The intestinal mucosa is also capable of actively transporting a number of other ions, including phosphate, potassium, and magnesium. Monovalent ions are generally readily absorbed in large amounts. Bivalent ions, however, are only slightly absorbed. For instance, calcium ion absorption is only 1∕50th of sodium ion absorption.
Monosaccharides are primarily absorbed as carbohydrates. Disaccharides are also absorbed in very minute amounts, but not as bigger polymers. Approximately 80% of the monosaccharides that are absorbed from the intestine are glucose. Galactose and fructose make up the remaining 20% of absorbed carbohydrates. Active transport facilitates the absorption of nearly all monosaccharides. Sodium and glucose travel through the brush border together. Galactose is conveyed in a comparable manner. Nevertheless, fructose is absorbed by enhanced diffusion rather than the sodium co-transport route. Fructose absorbs at half the rate of glucose or galactose because it is not co-transported with salt.
The majority of proteins are absorbed as tri- and di-peptides, as well as some free amino acids. Similar to glucose, these compounds are absorbed through the sodium cotransport process. Some free amino acids are also absorbed through the method of assisted diffusion, similar to fructose. Because different amino acids and peptides have varied binding properties, the intestine has at least five different types of amino acid and peptide transport proteins.
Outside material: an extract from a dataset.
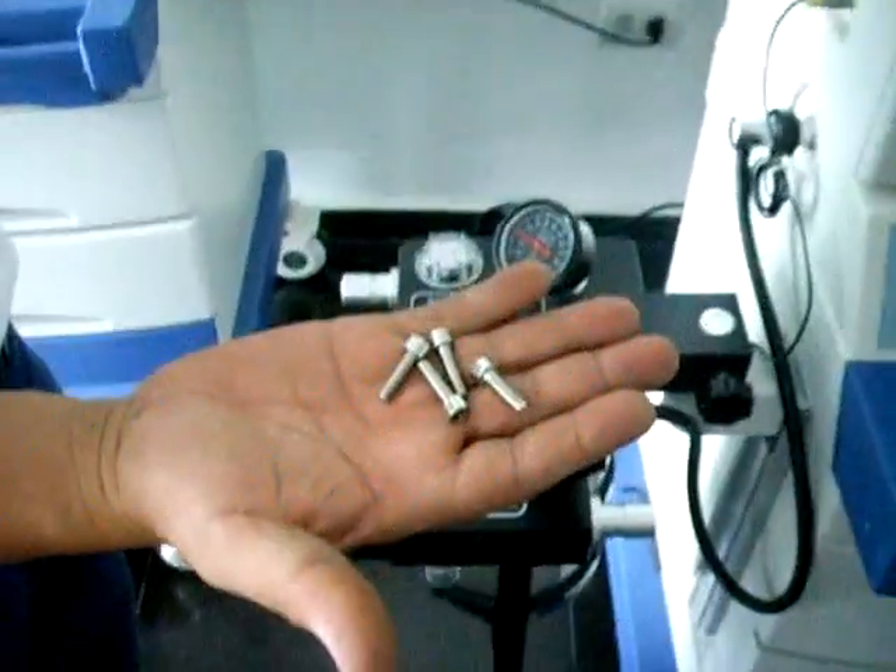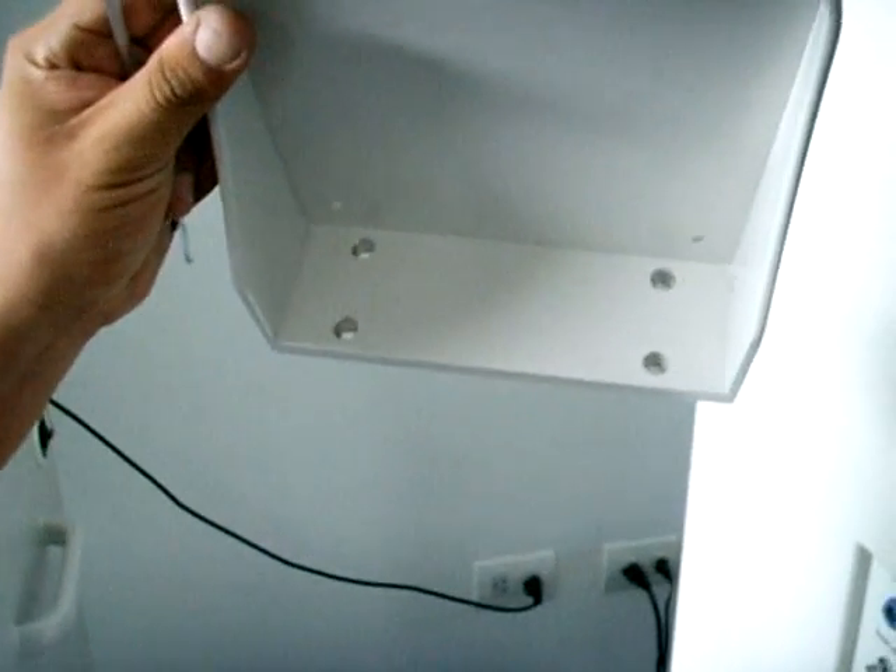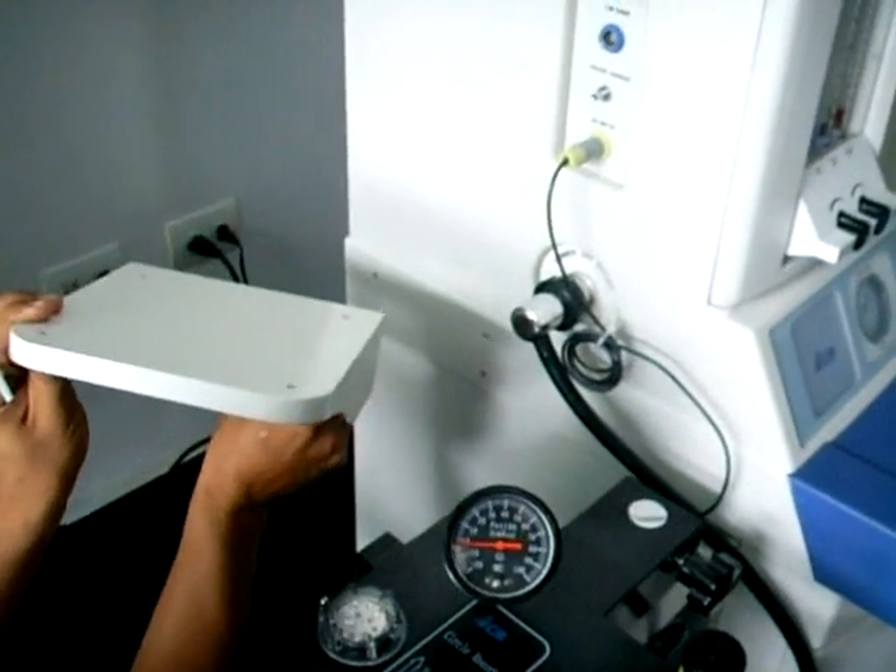Para la instalación de la base del fuelle identificamos los cuatro tornillos que serán adheridos a la máquina de anestesia y que serán colocados también en la base del fuelle adulto. Estos deben estar identificados en la parte izquierda de la máquina de anestesia, como se observa en el video.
Glycerol, free fatty acids, and monoglycerides are the byproducts of fat digestion. All of these byproducts of fat digestion disintegrate in the bile micelles’ inner lipid layer. The micelles’ charged exterior and tiny diameter make them soluble in chyme. These micelles travel to the brush border where they get trapped in the nooks and crannies created by the stirring, moving microvilli. Due to their solubility in the lipid membrane of the cells, fatty acids and monoglycerides here both permeate into the epithelial cells right away.
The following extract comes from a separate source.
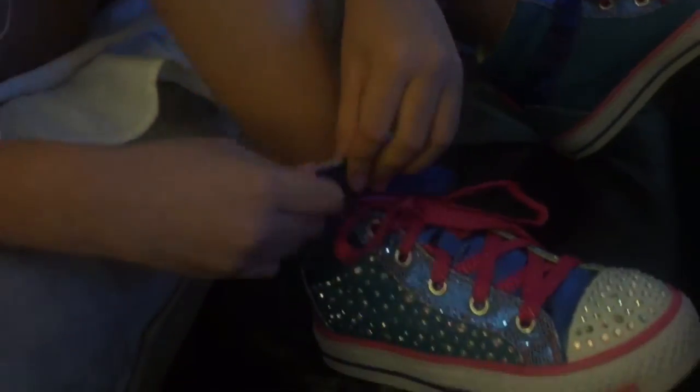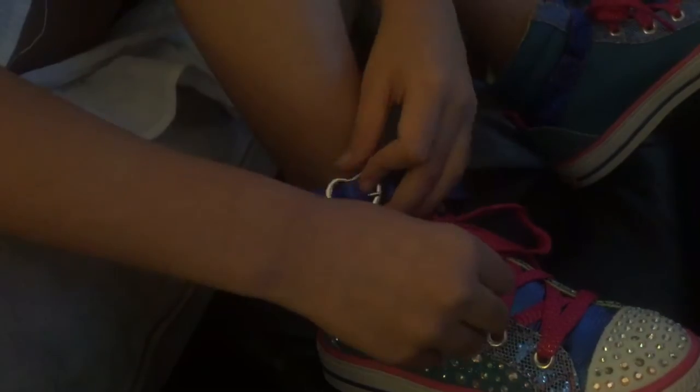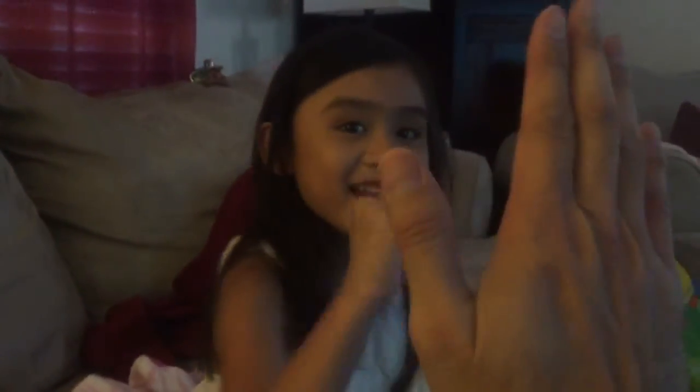Then I put my strap on for your entire shoe. Oops! Go straight away. I did it! Awesome. High five. Now, do another video.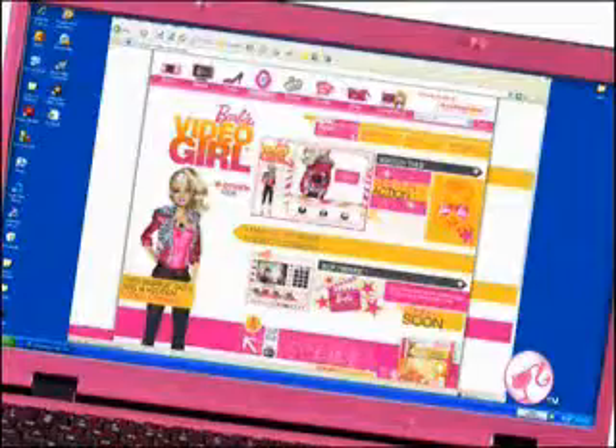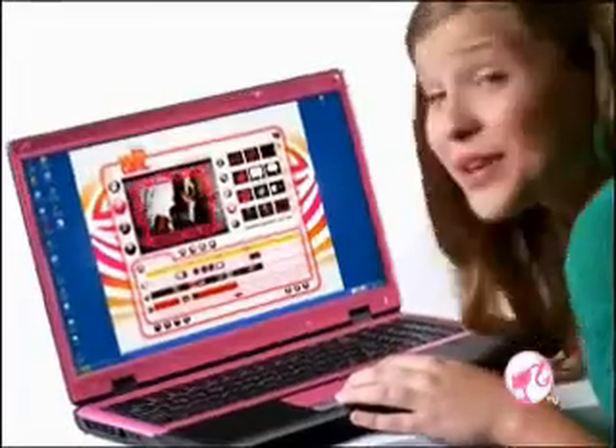Barbie records video and sound. Then I go to Barbie.com slash video girl to make it a movie on my PC.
This results in the micelles remaining in the chyme, where they continue to transport progressively more fatty acids and monoglycerides. The fatty acids in the epithelial cells are converted into new triglycerides, which are then carried into the bloodstream by lymph chylomicrons. Because they dissolve in water, small amounts of short and medium chain fatty acids are also absorbed straight into the portal circulation.
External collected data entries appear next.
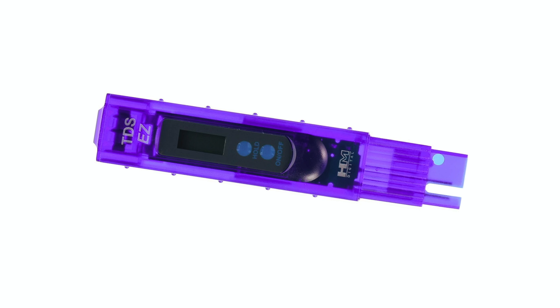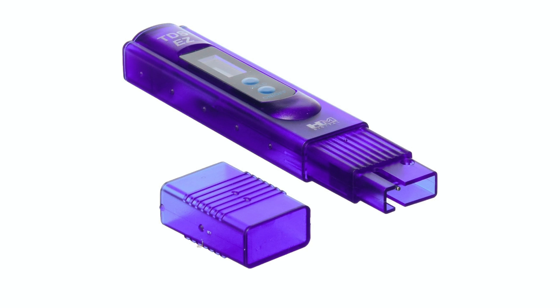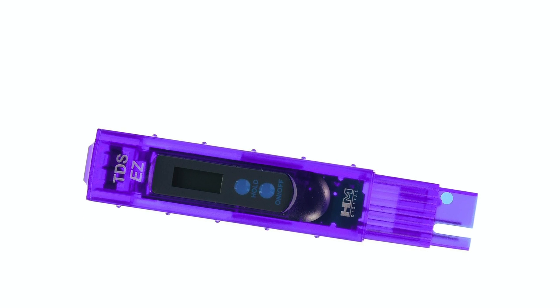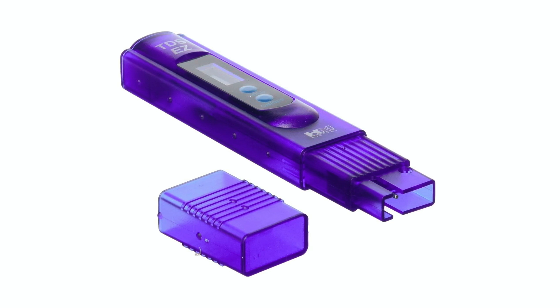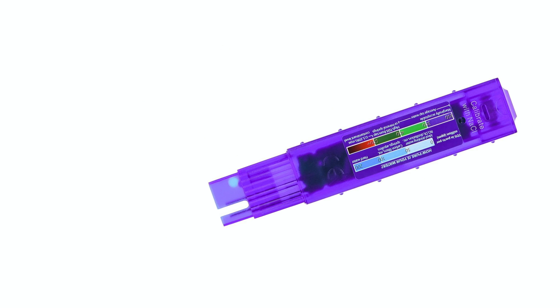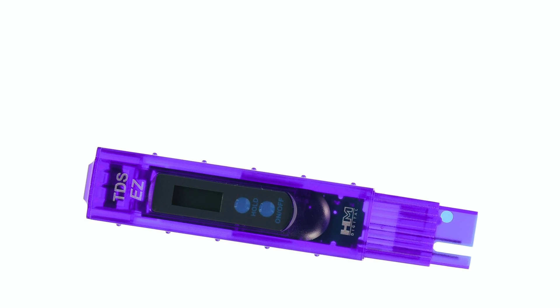For those looking for a simple, no-frills option, the HM Digital TDS EZ Water Quality TDS Tester offers straightforward functionality and is one of the most widely purchased testers on the market. Its appeal lies in its simplicity — just dip it in water, wait a few seconds, and get an instant TDS reading. With a range of 0 to 9,990 parts per million and a resolution of 1 part per million, it offers the accuracy needed for basic water testing. It includes a hold function that saves the reading and an auto-off feature to save battery life. If you need a budget-friendly and highly user-friendly model for testing drinking water or maintaining filters, the TDS EZ is a solid pick.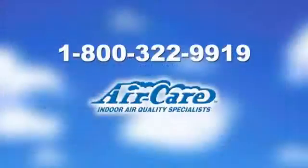If you have any questions, please refer to the DLT Owner's Manual or call AirCare at 800-322-9919.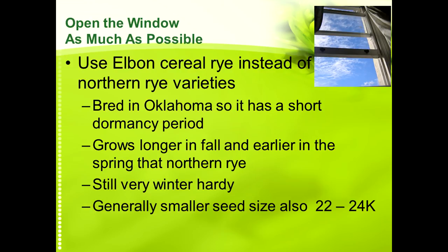Another thing you can do is use the right varieties. When we sell or use cereal rye, we use a variety called Elbon, developed by the Noble Foundation in Oklahoma. We like it because it has a very short dormancy period — it was bred for Oklahoma winters and for forage production. So it grows later in the fall than Canadian-type rye, and it starts greening up and growing earlier in the spring. It's still very winter hardy — we've never seen a winterkill — but it gets to a more mature stage faster, so when you spray it out it'll be a little more lignified and you get more residue left in the field.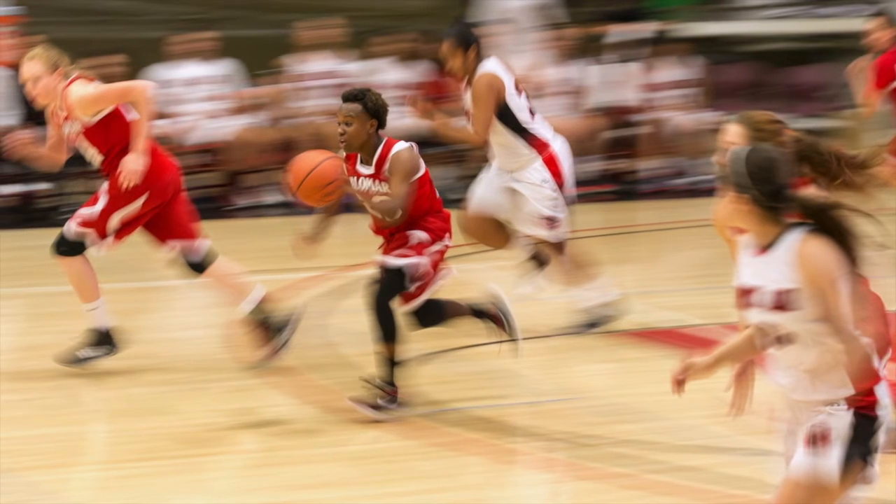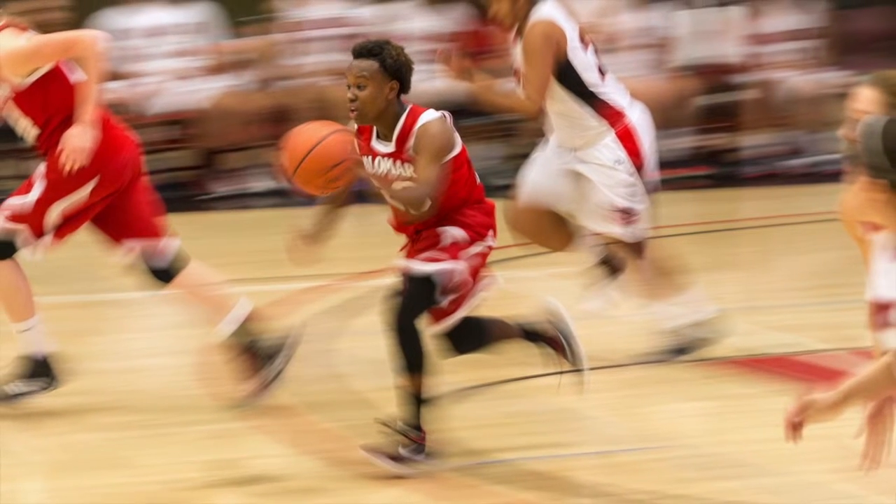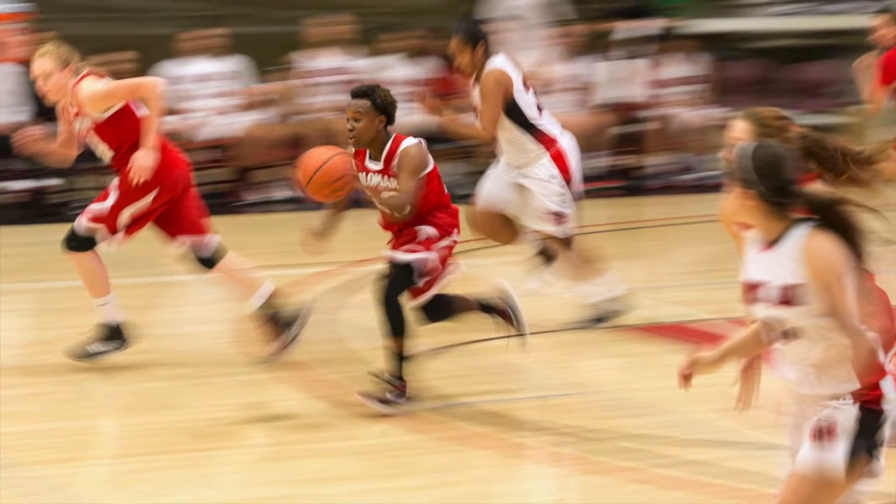I immediately knew, watching the traffic up and down the court, that I was going to try a panning shot. Started off at about 1/50th, didn't like anything I was seeing, dropped it down slowly to about 1/20th of a second. As soon as the background started to look really nice, I picked a player going up one side and down the other, and eventually came up with this shot.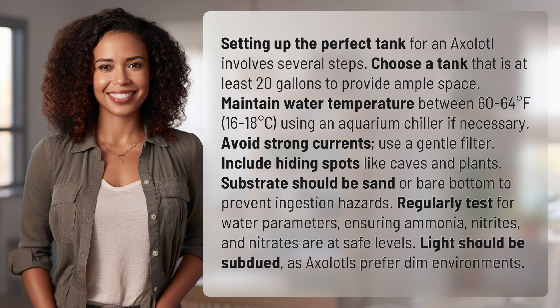Regularly test for water parameters, ensuring ammonia, nitrites, and nitrates are at safe levels. Light should be subdued, as axolotls prefer dim environments.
15.6.11 Absorption in the Large Intestine
The colon absorbs the majority of the electrolytes and water in chyme. The proximal half of the colon, also known as the absorbent colon, is where the majority of this absorption takes place. The term “storage colon” refers to the function of the distal part of the colon, which stores the undigested food. The large intestine mucosa is highly capable of actively absorbing salt and the resulting chloride. This is especially true in cases where elevated levels of aldosterone are released. Water follows the osmotic gradient that is created throughout the large intestine mucosa by the absorption of sodium and water (Oake et al., 2023).